The Return of the Prodigal Dollar

Let’s get intimate with the USD

Investopolis Bank
3 min readOct 20, 2021

It may come as a surprise for many of you, especially for those investors that don’t look at the macroeconomics around the world, but guess what… Every investor and fund manager wants exposure to the Dollar.

There is this broader move in the market toward Dollar exposure as traders are turning net bearish on some other major currencies.

Looking at these charts, you can notice the outflows from GBP and EUR. But why would all this money go into USD?

Let’s make two things clear here.

Firstly, as investors pulled out money from GBP and EUR, they may have also increased their short position on these currencies. Therefore, the above charts don’t represent only outflows.

Secondly, not all the money went into USD bullish bets. There is also a growing optimism toward emerging markets due to the energy crisis. As electricity and natural gas prices increased around the world, investors started to look at emerging markets for oil and natural gas exporters. For example, the Russian rupen outperformed all other major currencies last month, followed closely by the Colombian Peso.

We will focus mainly on the dollar in this article.

ECB is lagging on ending its QE. The euro has fallen 2% against the greenback over the last month.

Although, BoE started the taper and is throwing hints about a potential rate hike this year to keep inflation under control, the UK is facing some major macroeconomic difficulties due to its Brexit accord and workers shortage.

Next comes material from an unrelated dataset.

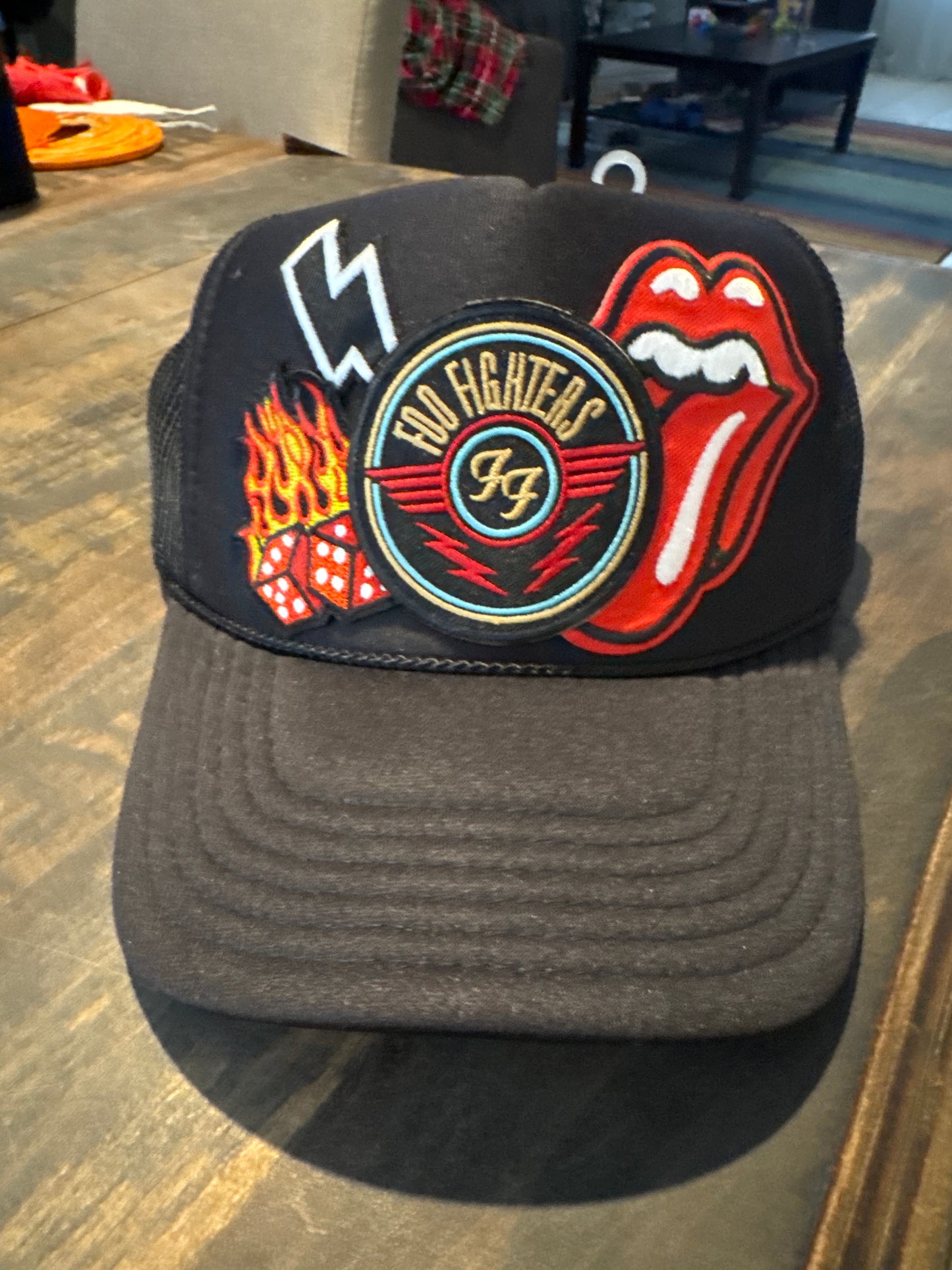 Foo Fighters Trucker Hat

There are talks that compare the Pound with emerging markets currencies and others called the Pound unpredictable. Despite a possible rate hike, the Pound continued to fall.

Governor Andrew Bailey warned of a potentially “very damaging” period of inflation unless policy makers take action. Bets against the pound are intensifying amid speculation that any Bank of England efforts to curb inflation would darken the outlook for growth and consumer sentiment.

Money markets increased their expectations for BOE tightening this week, anticipating a 15-basis-point increase in December and another 50 basis points by June.

That would bring the central bank’s key rate to 0.75% from 0.1% currently. Yet the prospect of several rate hikes is raising concern that rapid policy tightening will hurt confidence among consumers already grappling with soaring energy prices and supply chain disruptions.

On the other hand, the Dollar looks attractive, sitting at its lows. With the Federal Reserve taking a hawkish stand and being ready to stop the stimulus era, the yields start to push up. This move makes bonds more attractive to investors who will need some dollars to buy them. While Europe is fighting the energy crisis, the United States seems to be better prepared for the winter.

To conclude with, as money went out of EUR and GBP, we strongly believed that most investors ran to make bullish bets on USD and secure high yields on bonds, as the Federal Reserve turned hawkish. Also, there are strong arguments to justify a move of capital in oil and natural gas exporters from the emerging market spectrum.